Still, Barrett has a knack for being efficient with his forays to the basket.

“That was his forte coming out of Duke, and I'm surprised teams are not trying to take away his left hand, which is his strength,” Frazier said. “You let him do that, I don't care how tall you are, he can take you on and just muscle you to the hoop, so he's been very successful at that.”

Miller credits Barrett's recent surge (averaging 20.3 points in his last three games) to him being healthy again. He had recently missed nine games with a right ankle sprain. “Just learning my spots, learning the game more,” Barrett told reporters after Tuesday's practice. “I felt like I was doing good until I got hurt, and coming back, now I'm relaxing. I feel like when you come back, it takes you a little bit to get in your groove. Every day I've just been working trying to get it back.”
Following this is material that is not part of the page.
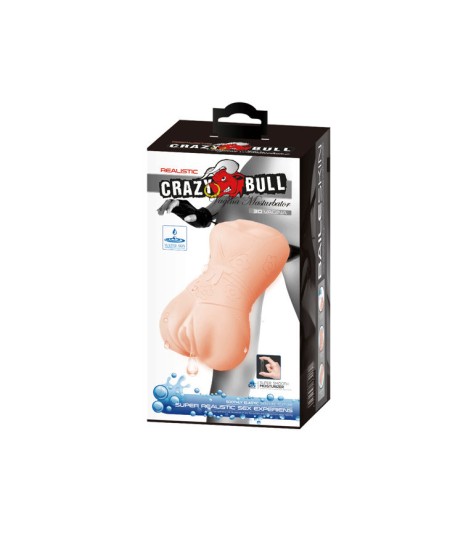 CRAZY BULL - MASTURBADOR WATER SKIN - MODELO VAGINA 4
Rose has his work cut out for him. On the docket: finding a GM, finding a coach and figuring out whom to draft in 2020. Finding a difference-making point guard would be nice. Guard Frank Ntilikina and forward Kevin Knox haven't developed as hoped, though alley-oop artist Mitchell Robinson has been shining of late. And, thanks in large part to the ill-advised Kristaps Porzinigis trade, the Knicks have seven first-round picks over the next four years.

Plus, they've got RJ Barrett, so they've got some hope.

The question is whether he's ultimately just a piece or an actual foundation piece. But as Barrett proved on Monday night, he certainly has the potential to be special.